In thalesmello/segmentr: Segment Data Minimizing a Cost Function
Considerations on Performance
source("helper.R")
This chapter talks about various attempts that were made to make the code execution
of the segmentr package faster, both with writing the cost function in native-code
and experimenting with parallel code execution.
The package microbenchmark allows us to execute the code and compare different run-times.
Therefore it's used in this work to compare the performance of different code snippets.
library(microbenchmark)
Native Code
In the algorithms chapter, we discussed the time complexity of the different types of
algorithms. In that scenario, the most relevant variable is the number of columns
in the data set, which dictates whether the computation of the exact algorithm will
be prohibitive or not. However, the number of samples does influence the computation
time linearly. Given the most performed operation in any of the algorithms described
in the chapter is the cost function, in essence it's the bottleneck of the
whole computation. Therefore, real performance gains can be obtained depending on
the performance of the application.
In R statistical programming, it's commonplace to use the functions provided by the
programming environment, which are usually performant algorithms implemented in compiled
programming languages such as C. However, there are times the programmer must implement
a custom function in R, which in turn is a dynamic and interpreted language, with
typically slower execution times.
Therefore, in a first attempt to make the code execution run faster, and
compare different results, segmentr implements the [multivariate()]
likelihood function (used to calculate the cost) in the compiled C++ programming
language, as well as it implements the equivalent [r_multivariate()] in the R programming environment.
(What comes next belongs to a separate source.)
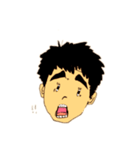 エブリデイOZAWA！！（個別スタンプ：7）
data <- makeRandom(20, 100)
bench <- microbenchmark(
segment(data,
cost = function(x) -multivariate(x),
algorithm = "exact"),
segment(data,
cost = function(x) -r_multivariate(x),
algorithm = "exact"),
segment(data,
cost = function(x) -multivariate(x),
algorithm = "hierarchical"),
segment(data,
cost = function(x) -r_multivariate(x),
algorithm = "hierarchical"),
times = 1
)
print_benchmark(
bench,
caption="Execution time comparison
between native C++ and interpreted R code"
)
In Table \@ref(tab:benchmark-native), we notice performance improvements in the native [multivariate()]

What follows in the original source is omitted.